In a sense, “that’s obscure” is synonymous with “I don’t know that” – although obviously there are things we can all agree lie outside the area of general knowledge, such as the actor who played “Extra in Wedding Scene” in The Godfather or the original name of Intercourse, USA (yes, there really is one), although I’m sure there are people who do know such things. But it is churlish – and selfish – to dismiss as obscure anything that falls outside one’s own range of interest.
One of the quirks of British culture, something I’ve never come across in the Czech Republic since I moved here in 2010, is the belief that some areas of knowledge belong only with the privileged classes and are therefore to be scorned.

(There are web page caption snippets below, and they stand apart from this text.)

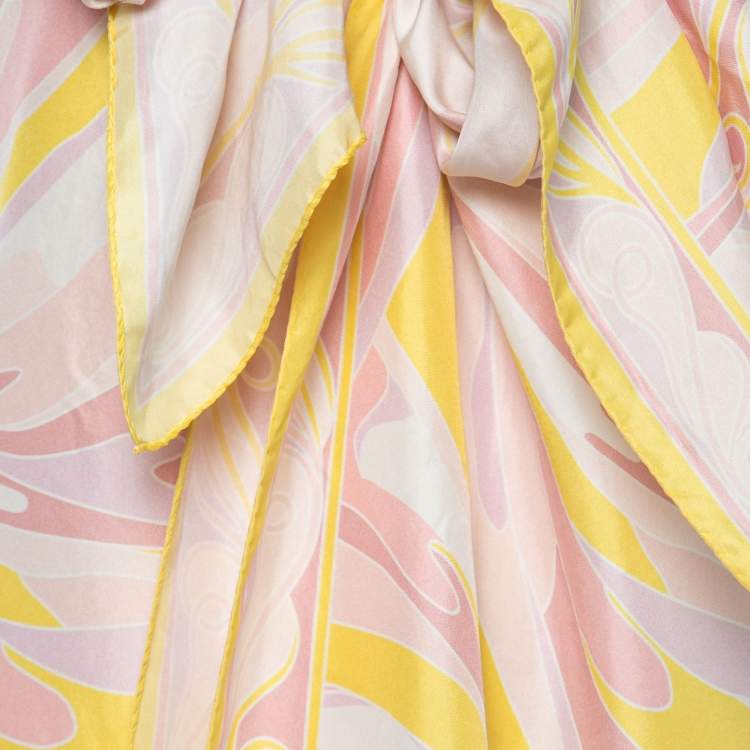 Pre Owned Emilio Pucci Pink Multicolor Printed Silk Neck Wrap Midi Dress M 
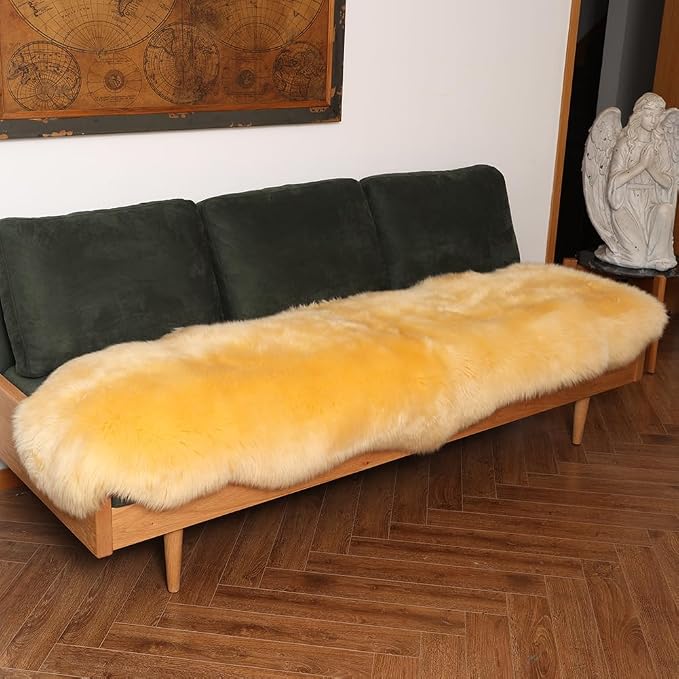LLB Genuine Sheepskin Area Rug Wool Rug Fur Carpet Fluffy Shaggy Fur Rug - Image 3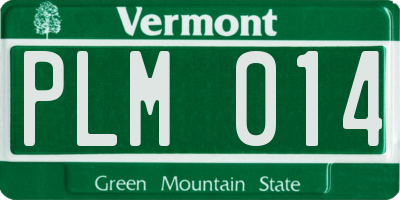 VT license plate PLM014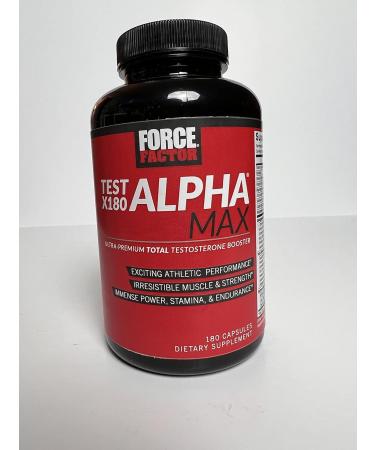 Test X180 Alpha Max 2-Pack Total Testosterone and Nitric Oxide Booster for Men with Fenugreek Seed & Tribulus to Increase Blood Flow & Improve Male Athletic Performance Force Factor 360 Capsules - Buy Online on GoSupps.com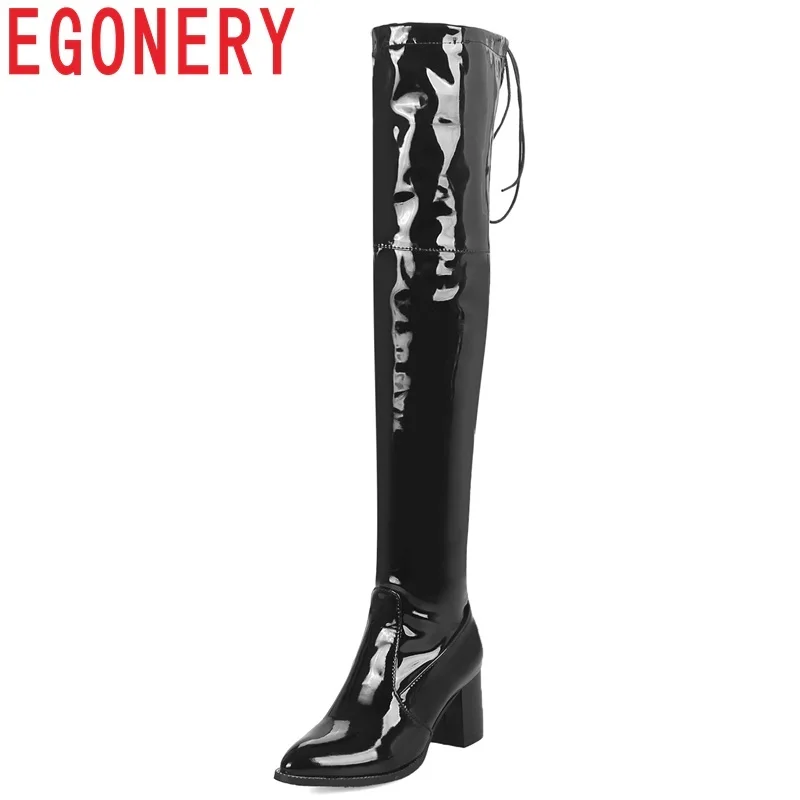 

EGONERY women shoes 2018 winter new fashion patent leather boots women high square heel zip pointed toe black over knee boots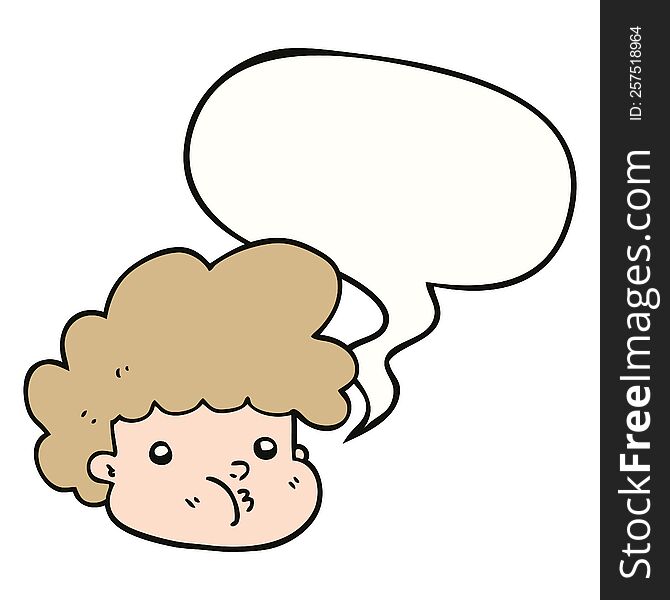 Cartoon Boy And Speech Bubble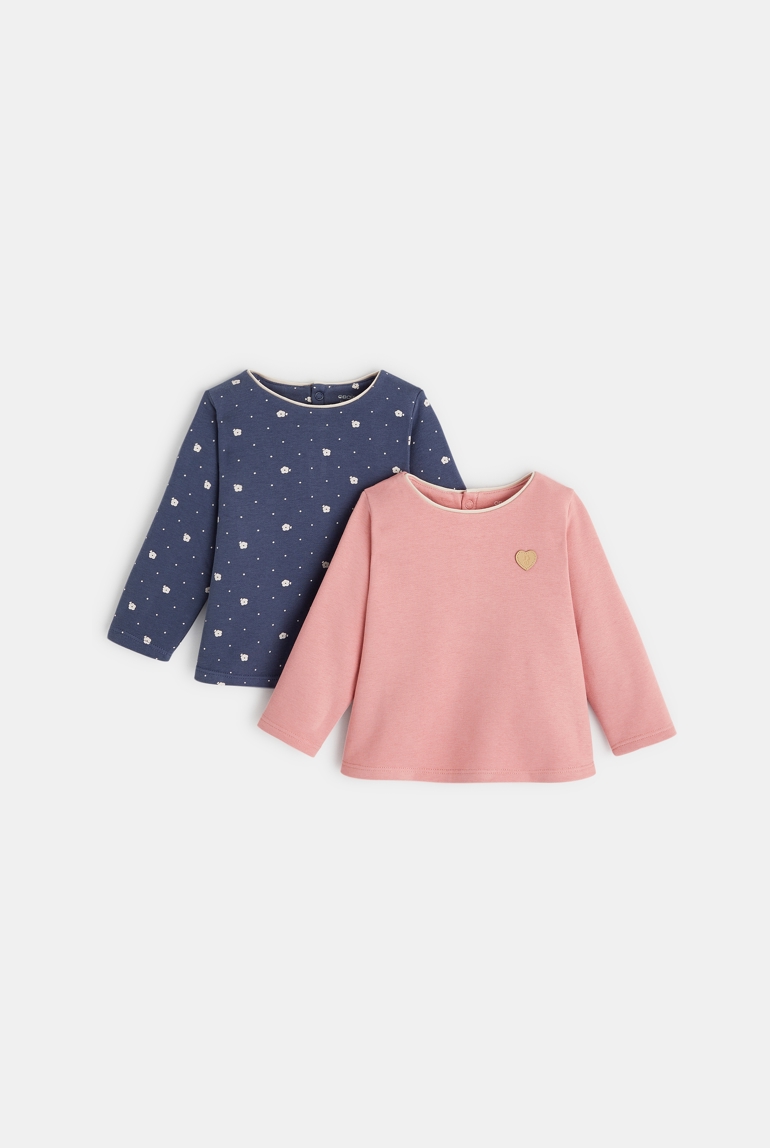 Sudadera de muletón ligero (pack de 2) rosa bebé niña 1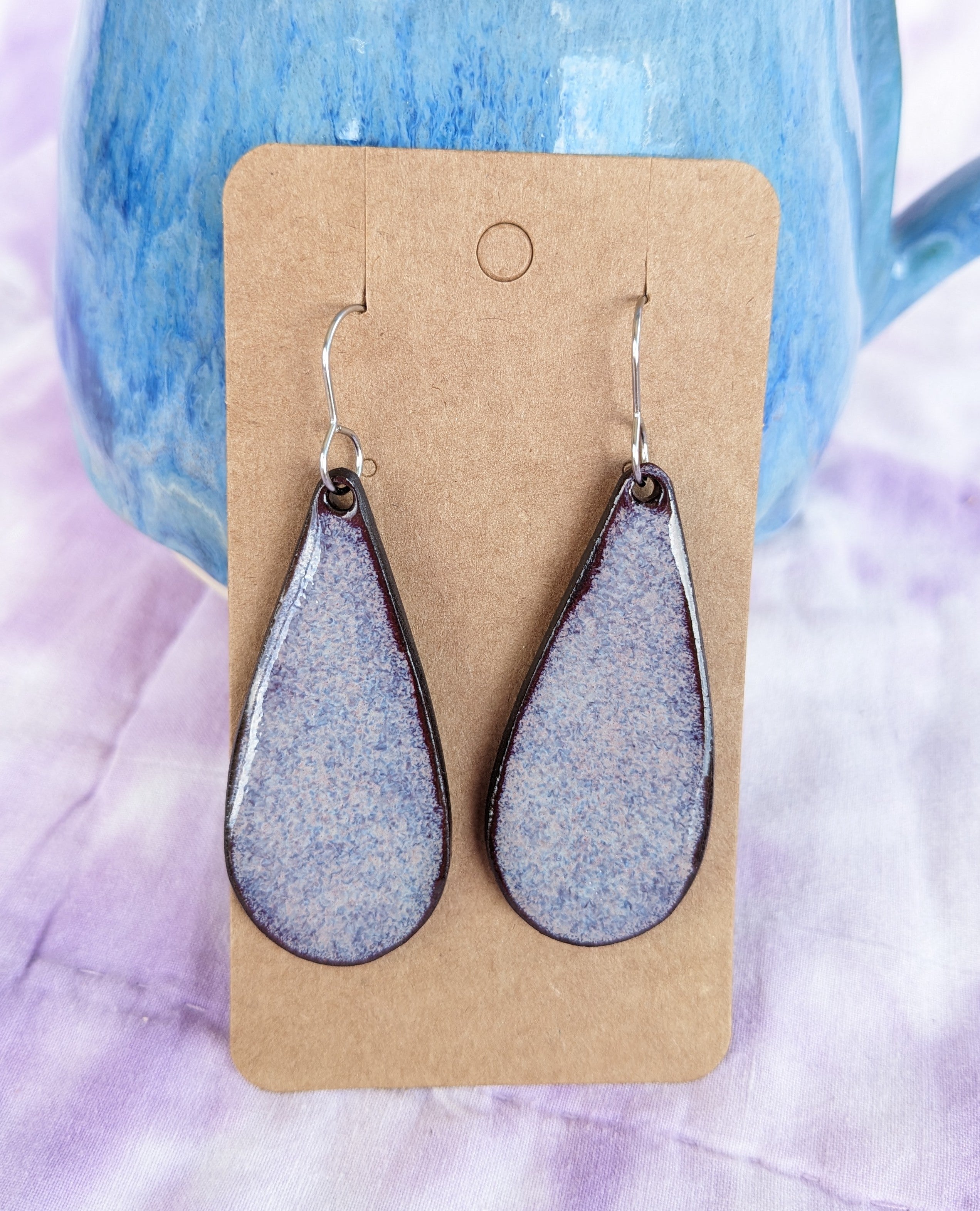 Teardrop Ceramic Earrings. Lightweight, dangle earrings.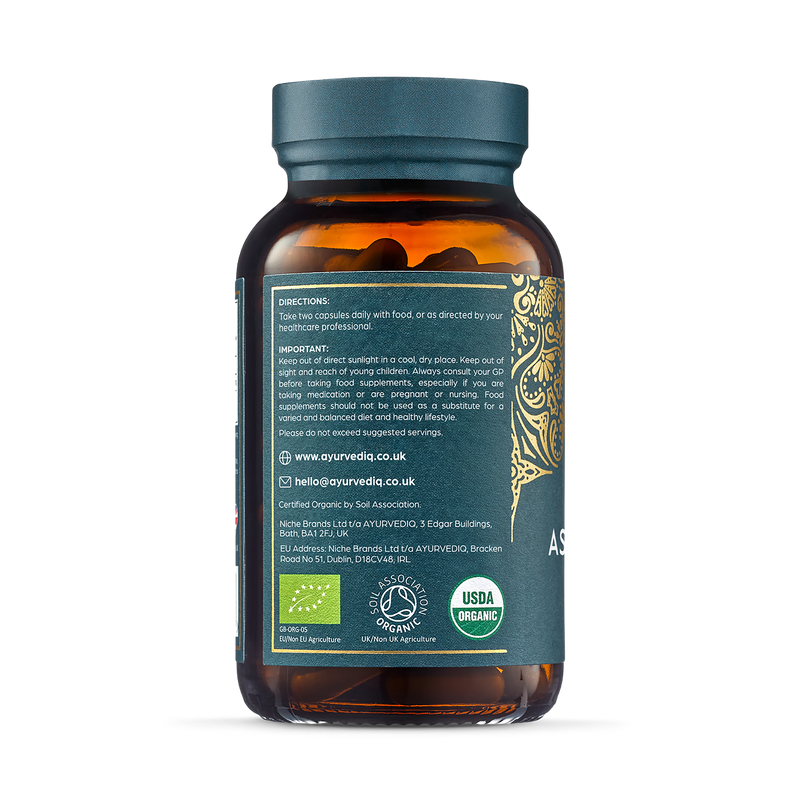 Ayurvediq organic ashwagandha root capsules 120 count, UK version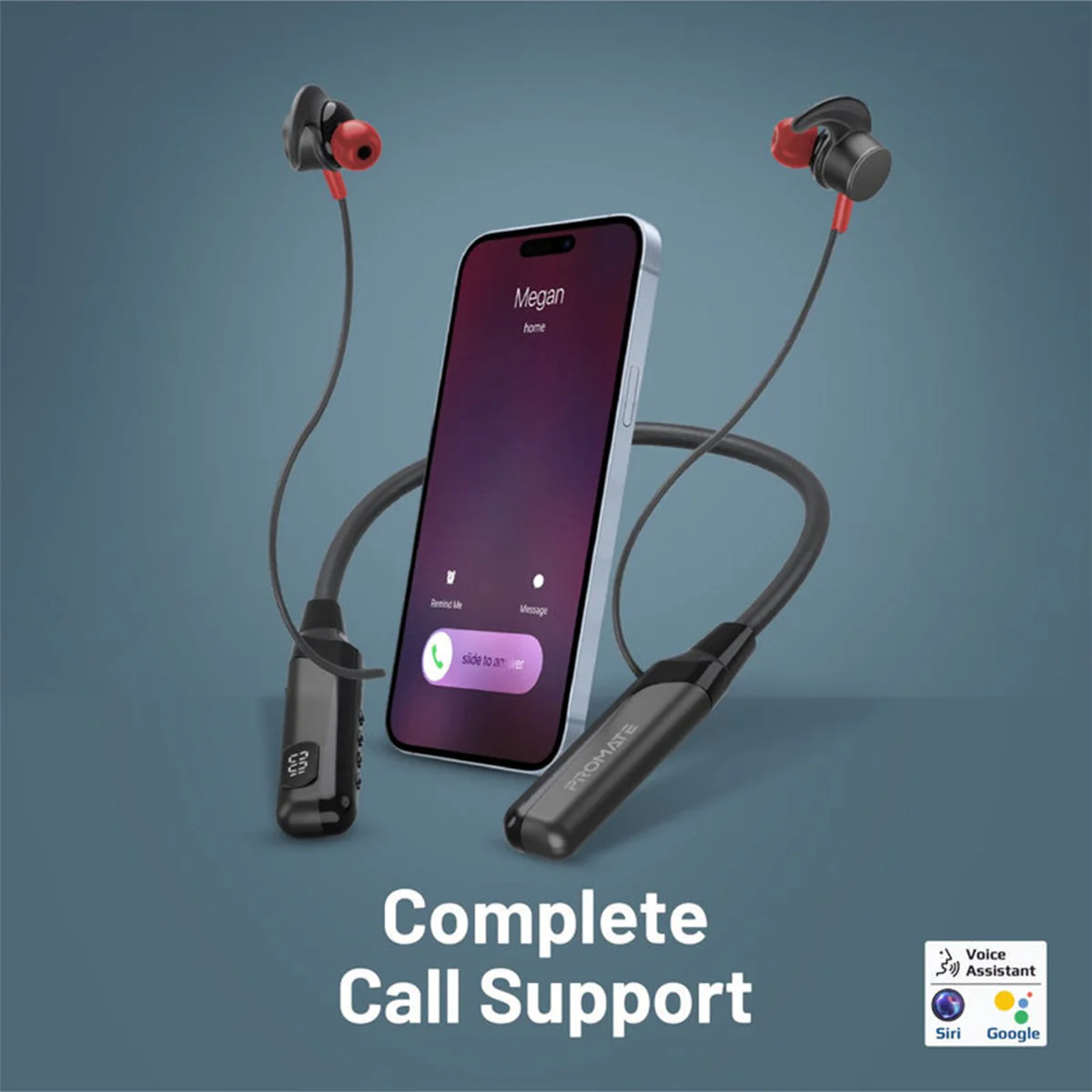 Promate Blend High-Definition Dynamic Wireless Neckband Earphones with TF Card Slot (Black) - Image 10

That was the cause of the Sun’s bone-headed attitude towards an uncommonly intelligent young woman, and since we’re back to University Challenge again, I’ll mention something that started to irritate me about it around the early 2000s. It seemed to have become obligatory for almost every contestant to preface his or her answer with “Is it…?” That’s fine when the answer is obviously a guess, but when someone buzzes in with “Is it 2,4-dinitro-5-fluoroaniline?” you get the impression that person’s trying a bit too hard not to look like a smart-arse for fear of losing street cred. (Miss Trimble didn’t do this, to her credit.) I can’t help wondering if some of the commenters on crossword blogs who complain about references to Shakespeare, Greek mythology or, of course, classical music are doing the same thing in a way.
Perhaps I’m being unfair, but the point is that if crossword puzzles abandoned anything that could be criticised as “too much GK” they’d become as samey and repetitive as Sudoku. The great, late Araucaria recognised this and often included themes based on poetry, history, literature and music in his puzzles. As a result he introduced his solvers to cultural treasures which might otherwise have gone undiscovered. Araucaria’s deserved high standing meant he could get away withan the rest of us can, but I believe that crosswords should be educational as well as fun. There is nothing wrong with including answers which involve general knowledge of any sort, so long as the setter makes sure that the wordplay is clear, unambiguous and not too difficult.
I take the view that if I don’t know something that’s my fault, not the setter’s. Yes, I’ll groan when a puzzle contains a lot of pop or football references, but I’ll put up with them if I can have my opera from time to time. And at least I’ll have learned something – so next time anyone is misguided enough to include me in a quiz team, I might be even able to answer some of the questions.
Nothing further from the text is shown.